_PROBLEM TO SOLVE:_ The response should contain all of the data below, reproduced exactly, and no pictures.

_COLLECTED DATA:_
——————
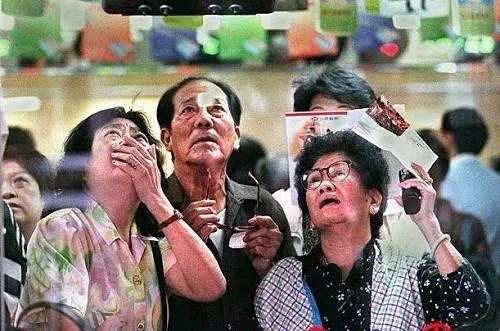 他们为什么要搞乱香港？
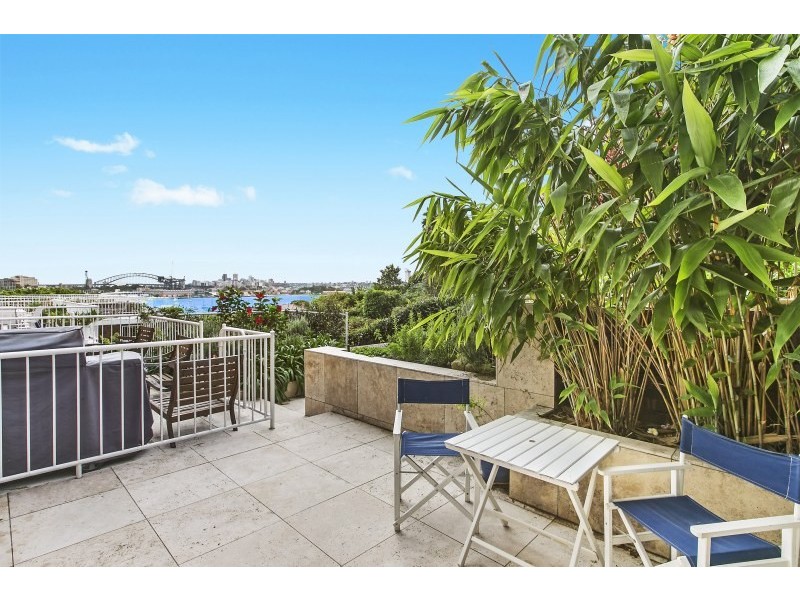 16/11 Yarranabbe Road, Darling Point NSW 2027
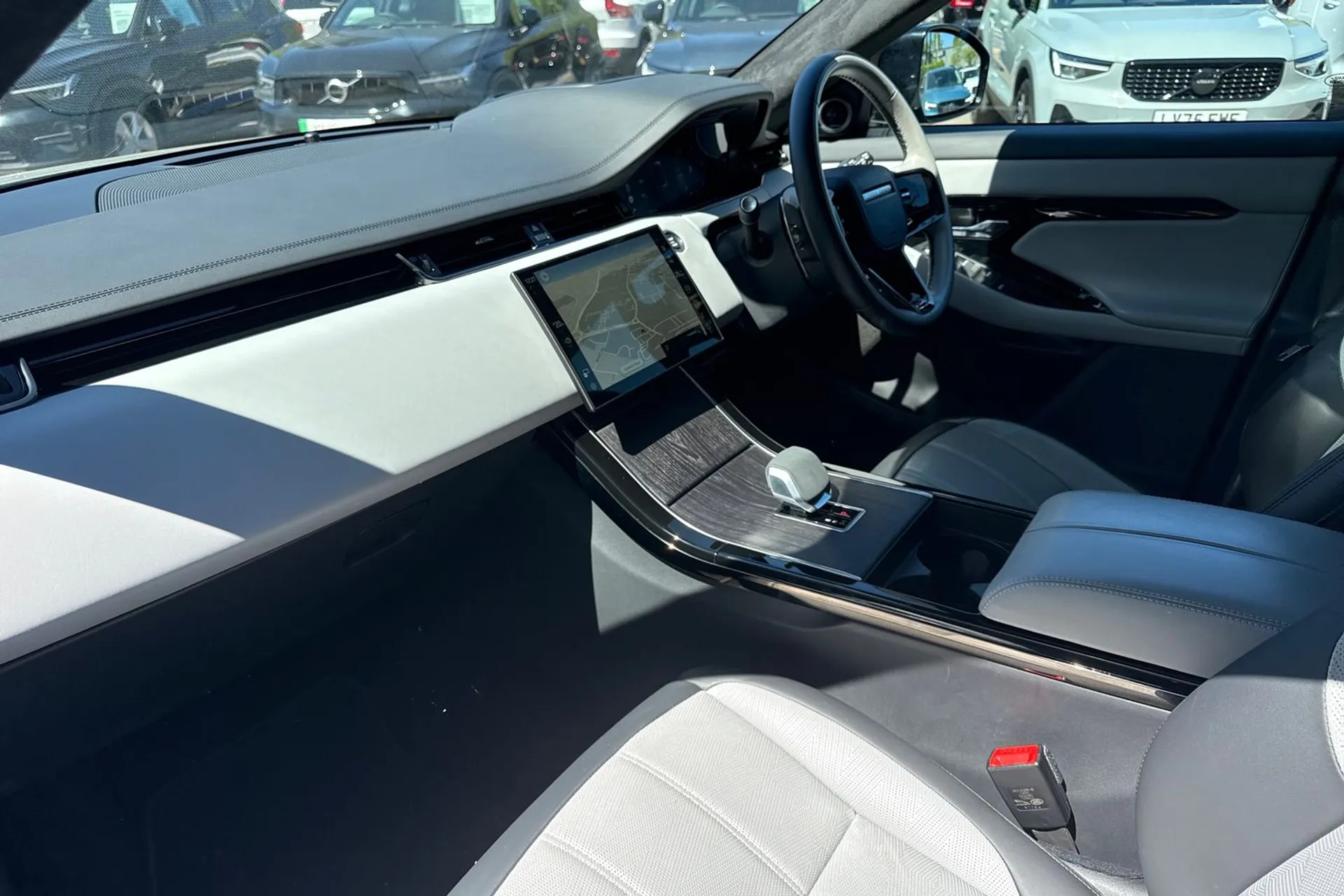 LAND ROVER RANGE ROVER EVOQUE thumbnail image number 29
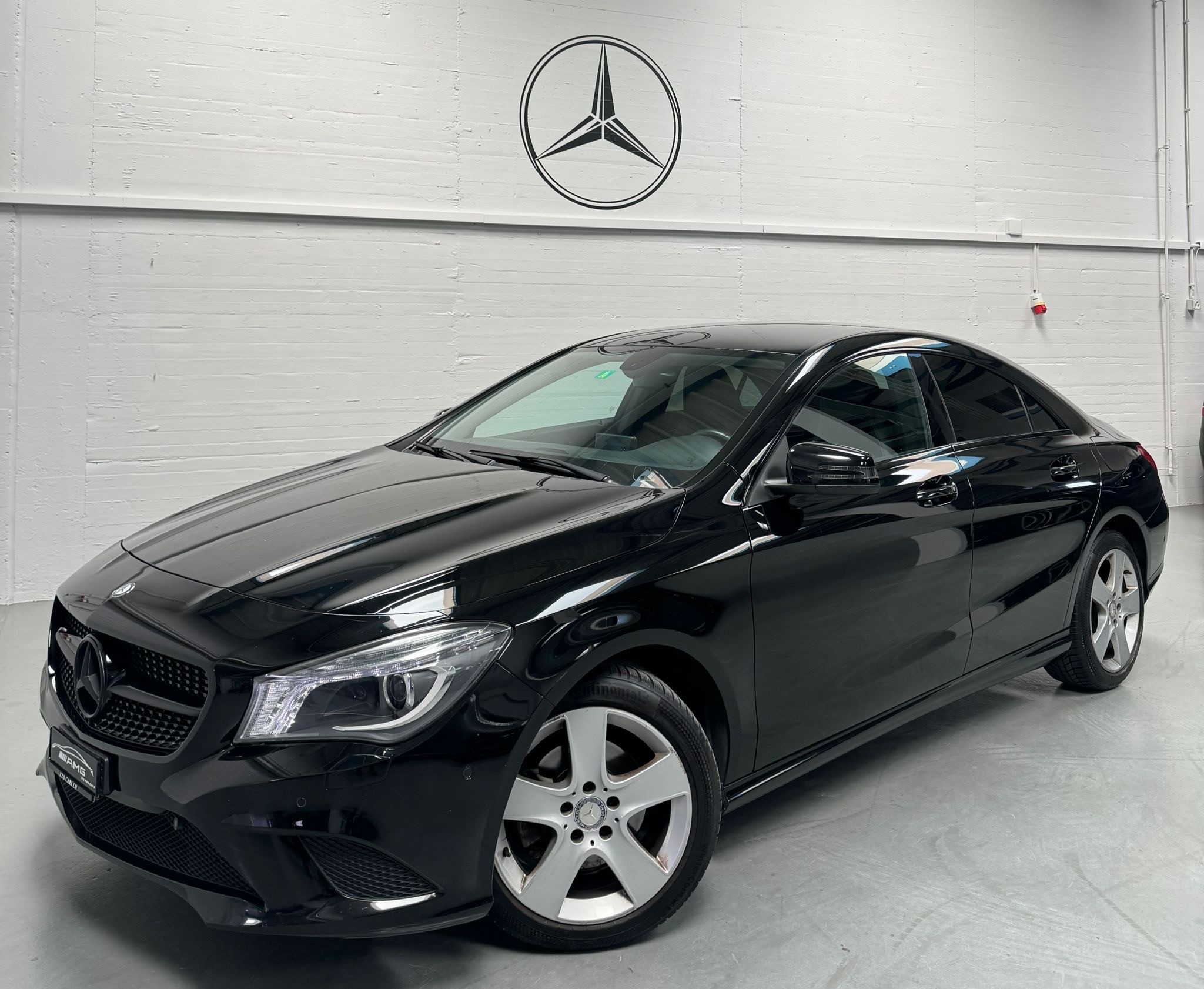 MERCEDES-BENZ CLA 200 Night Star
——————
_ANSWER SPACE:_
 他们为什么要搞乱香港？
 16/11 Yarranabbe Road, Darling Point NSW 2027
 LAND ROVER RANGE ROVER EVOQUE thumbnail image number 29
 MERCEDES-BENZ CLA 200 Night Star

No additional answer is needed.